Data shown:
--- START ---

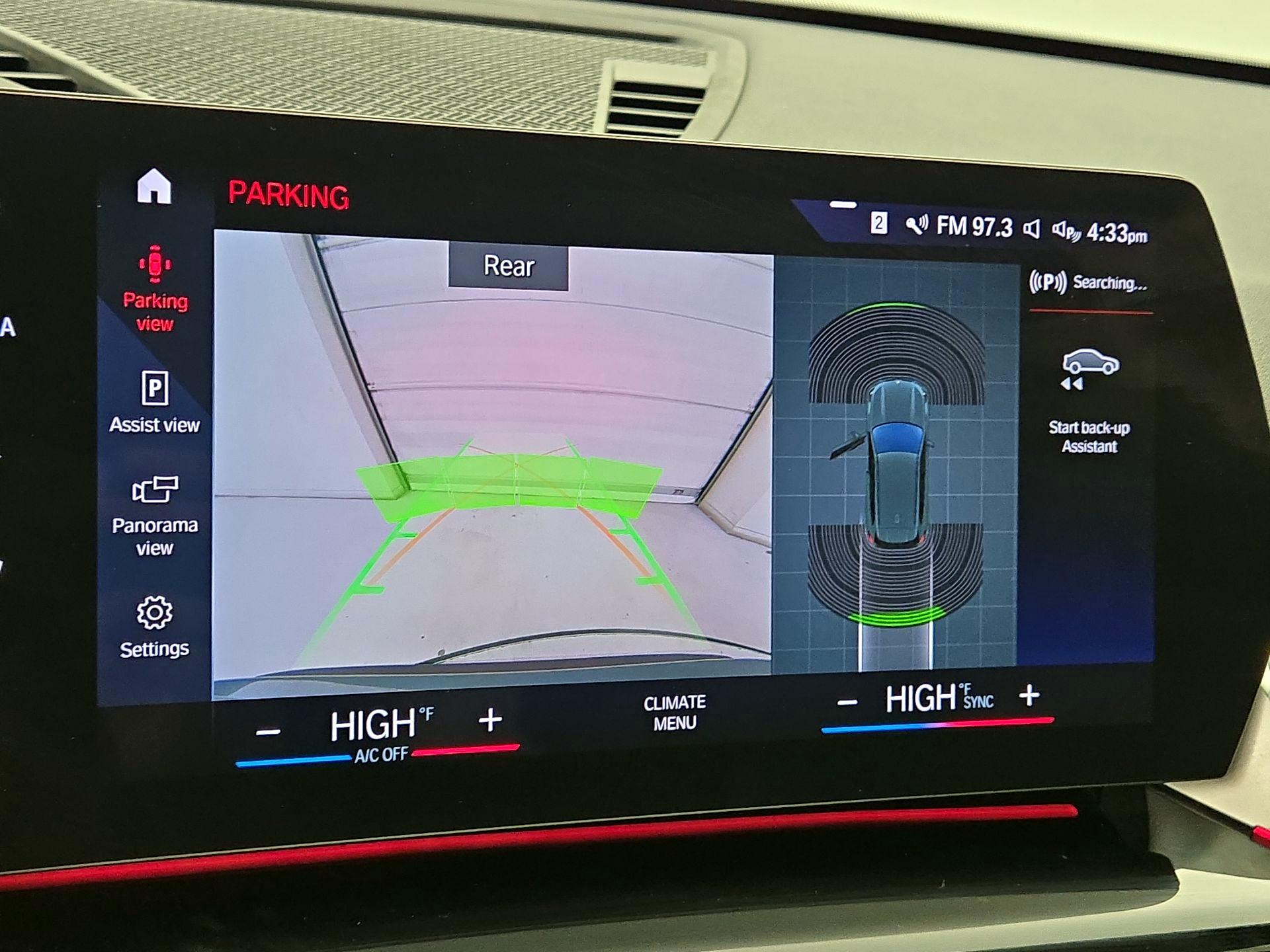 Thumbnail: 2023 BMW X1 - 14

--- END ---
--- START ---

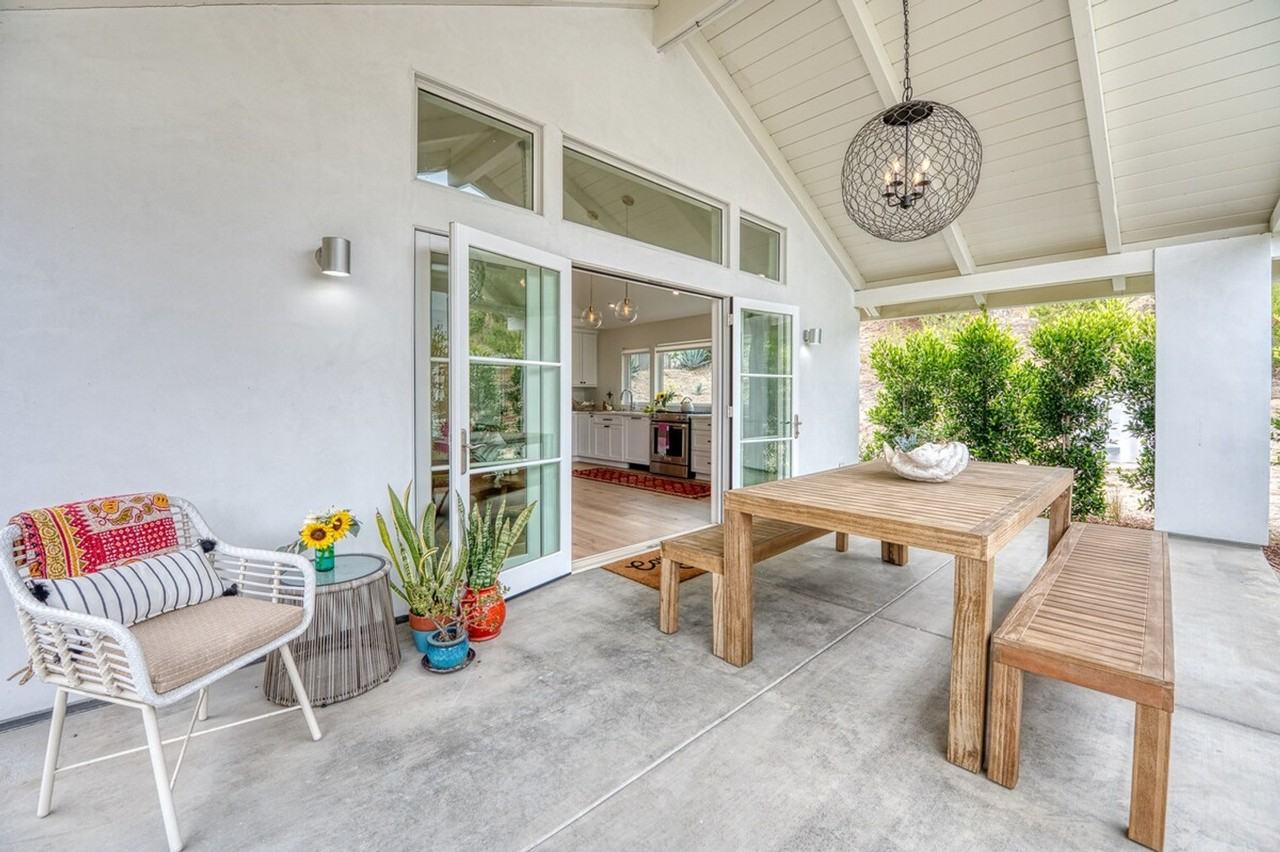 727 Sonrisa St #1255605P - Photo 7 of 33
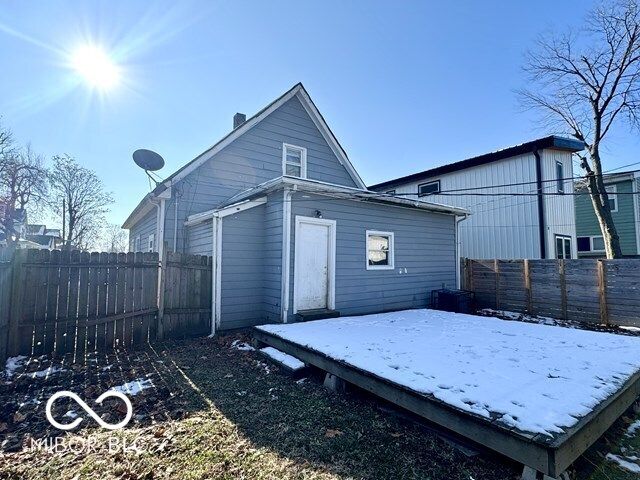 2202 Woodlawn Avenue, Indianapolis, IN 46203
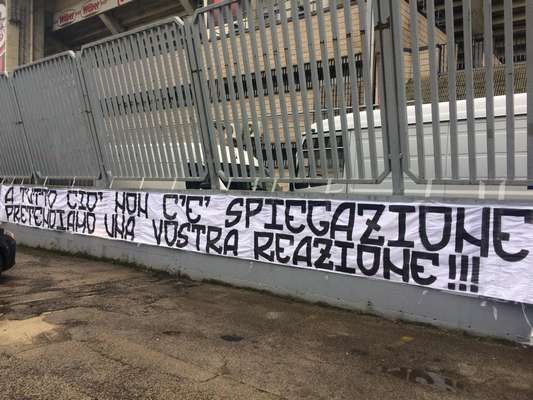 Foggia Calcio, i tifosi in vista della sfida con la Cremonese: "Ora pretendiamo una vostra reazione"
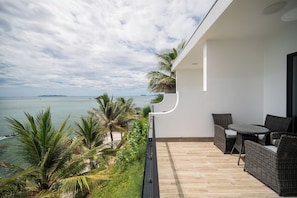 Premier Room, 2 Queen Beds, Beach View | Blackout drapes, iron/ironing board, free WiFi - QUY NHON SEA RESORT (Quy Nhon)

--- END ---
--- START ---

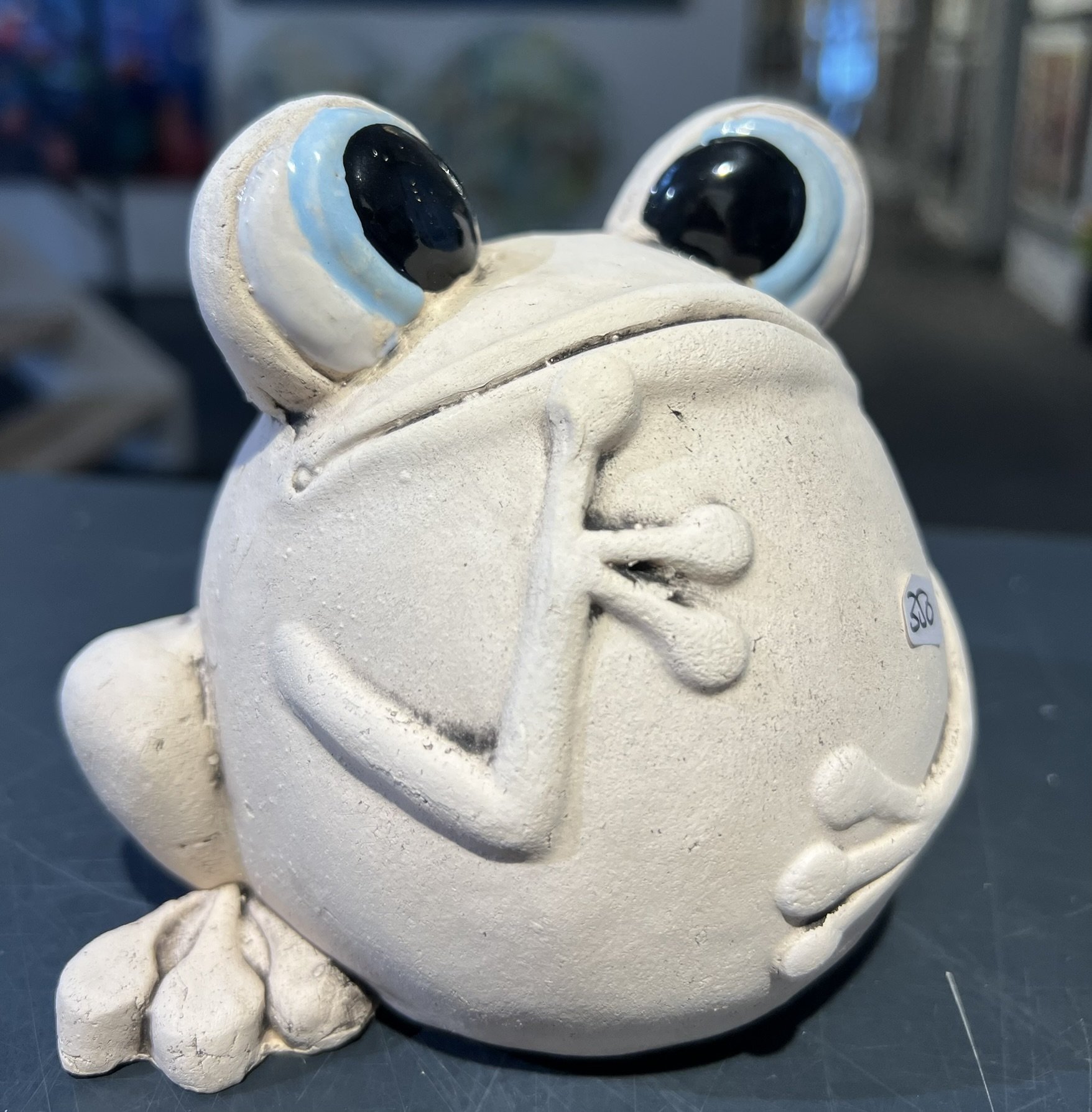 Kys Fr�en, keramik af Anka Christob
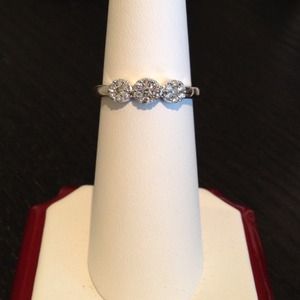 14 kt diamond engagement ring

--- END ---

Instructions for the task:
In the data above, the stretch from the line with "2202 Woodlawn Avenue, Indianapolis, IN 46203" through the line with "Premier Room, 2" is to be returned exactly, minus any pictures.

Answer box:
 2202 Woodlawn Avenue, Indianapolis, IN 46203
 Foggia Calcio, i tifosi in vista della sfida con la Cremonese: "Ora pretendiamo una vostra reazione"
 Premier Room, 2 Queen Beds, Beach View | Blackout drapes, iron/ironing board, free WiFi - QUY NHON SEA RESORT (Quy Nhon)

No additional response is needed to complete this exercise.